There is inequity in the distribution of catastrophic costs due to TB care. Universal health coverage, social protection strategies complemented by quality TB care is vital to reduce inequitable distribution of catastrophic costs due to TB care in China.

Multilingual abstracts

Please see Additional file 1 for translations of the abstract into the five official working languages of the United Nations.

Background

The World Health Organization (WHO) issued a post-2015 global tuberculosis (TB) strategy that envisaged “a world free of TB” with zero death, disease, and suffering due to TB by 2035. One of its four principles is to ensure protection and promotion of human rights, ethics and equity [1]. This is in line with the policy to move health systems closer to universal health coverage, which is conventionally defined as access to health care without risk of financial hardship due to out-of-pocket health care expenditures [2]. Besides free or affordable TB care, social protection interventions are required that prevent or mitigate other financial risks associated with TB. This is also vital to attain the sustainable development goals [3].
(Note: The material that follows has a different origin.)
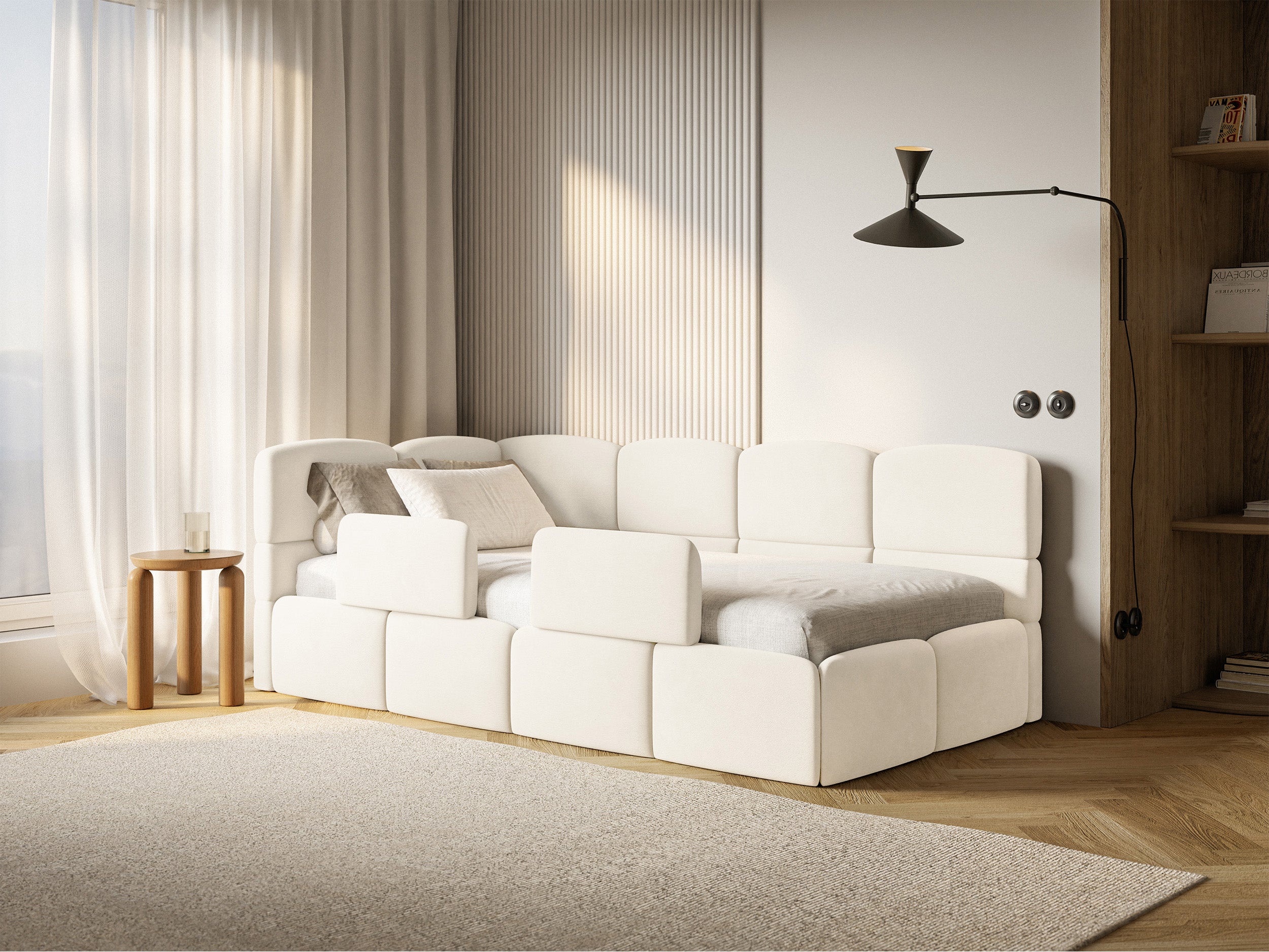 Jugendbett 90x200 cm Cloudy linksseitig mit Matratze, Stauraum und Geländern, cremefarbener Velours, wasserabweisend und leicht zu reinigen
TB is mainly a disease of the poor and marginalized people and communities [4]. TB affects the poorest segment of society disproportionately and thus the impoverishing effects of TB are gravest for those who are already vulnerable [2, 3]. Though it is quite likely that distribution of catastrophic costs is pro-poor, there are limited nationally representative studies globally in the post-2015 period regarding documentation of wealth related inequity in the distribution of catastrophic costs due to TB care. In India (during TB diagnosis in 18 randomly selected districts in 2016–2017) [5] and China (during TB treatment in six counties in 2013) [6], catastrophic costs was disproportionately high among the poorest quintile.

China conducted a nationally representative “TB patient cost survey” in 2017 [4]. This study reports the extent of equity in distribution of TB care costs (pre-treatment, treatment and overall), total costs as a proportion of the annual household income (AHI) and catastrophic costs due to TB, also compared across regions, residence and insurance schemes.

Methods

Design

This was a cross-sectional analytic study involving primary data collection.

Setting

Health financing in China

China is a developing country with a per capita gross national product of USD 7941 in 2016. The total expenditure on health in 2016 was USD 6815 billion, accounting for 6 % of the gross national product [7]. The provinces are divided into east, middle and west region. Three percent of people fall below the poverty line (USD 430) [7]. The health care delivery system is “mixed” with a dominant role for public sector institutions [8].

Public funded health insurance schemes cover more than 95% of the population. There are three basic schemes namely urban employee basic medical insurance (UEBMI), urban resident basic medical insurance (URBMI), and new rural cooperative medical scheme (NCMS). Payroll taxes are the main funding source for UEBMI and government subsidies are the major funding sources for NCMS and URBMI. NCMS funds are pooled at the county level and URBMI and UEBMI are pooled at the prefecture level. The benefit packages and financial protection are not equal within and across the schemes, which is a crucial barrier to achieving universal health coverage in China. The service package of NCMS was smaller and the reimbursement level was 10% lower than URBMI or UEBMI [9].

China national TB Programme (NTP)

The National center for tuberculosis control and prevention, which belongs to China Centre for Disease Control (CDC), is in charge of NTP. TB management units are established at provincial, prefecture and county levels (basic management units [BMU] at county level). TB diagnostic facilities are centralized at the BMU level and rarely available at township level (below county). Diagnosed patients are registered in web-based TB information management system (TBIMS) and initiated on directly observed therapy (DOT) at BMU with assistance from township clinics and village health workers.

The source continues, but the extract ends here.